Please print exactly the line containing "Grease Angel Hoodie" and every line after it to the end of the records below, and nothing more.

[Scraped caption text data]
+ + + + + + +
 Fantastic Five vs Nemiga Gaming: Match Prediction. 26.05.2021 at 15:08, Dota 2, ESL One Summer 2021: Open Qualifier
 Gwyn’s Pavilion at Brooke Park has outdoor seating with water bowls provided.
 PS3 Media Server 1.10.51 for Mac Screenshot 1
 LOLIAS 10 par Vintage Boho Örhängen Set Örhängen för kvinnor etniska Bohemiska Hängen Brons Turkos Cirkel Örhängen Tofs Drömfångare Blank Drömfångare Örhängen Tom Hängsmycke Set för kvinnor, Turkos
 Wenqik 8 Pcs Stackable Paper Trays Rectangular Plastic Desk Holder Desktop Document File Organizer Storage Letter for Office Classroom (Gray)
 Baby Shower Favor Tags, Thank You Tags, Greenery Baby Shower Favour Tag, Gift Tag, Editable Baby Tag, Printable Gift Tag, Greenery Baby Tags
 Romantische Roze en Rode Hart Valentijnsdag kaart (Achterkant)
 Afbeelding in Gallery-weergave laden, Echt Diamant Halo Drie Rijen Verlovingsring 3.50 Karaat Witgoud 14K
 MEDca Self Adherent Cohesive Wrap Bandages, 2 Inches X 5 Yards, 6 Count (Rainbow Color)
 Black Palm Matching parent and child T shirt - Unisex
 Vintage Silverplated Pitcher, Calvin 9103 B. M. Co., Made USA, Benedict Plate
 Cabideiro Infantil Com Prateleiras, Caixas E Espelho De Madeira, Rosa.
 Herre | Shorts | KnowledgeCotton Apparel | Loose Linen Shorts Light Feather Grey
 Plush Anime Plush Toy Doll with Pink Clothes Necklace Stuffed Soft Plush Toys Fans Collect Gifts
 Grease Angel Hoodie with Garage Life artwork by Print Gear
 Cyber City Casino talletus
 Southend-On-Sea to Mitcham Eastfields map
+ + + + + + +
» RESPONSE FOR THIS EXERCISE:
 Grease Angel Hoodie with Garage Life artwork by Print Gear
 Cyber City Casino talletus
 Southend-On-Sea to Mitcham Eastfields map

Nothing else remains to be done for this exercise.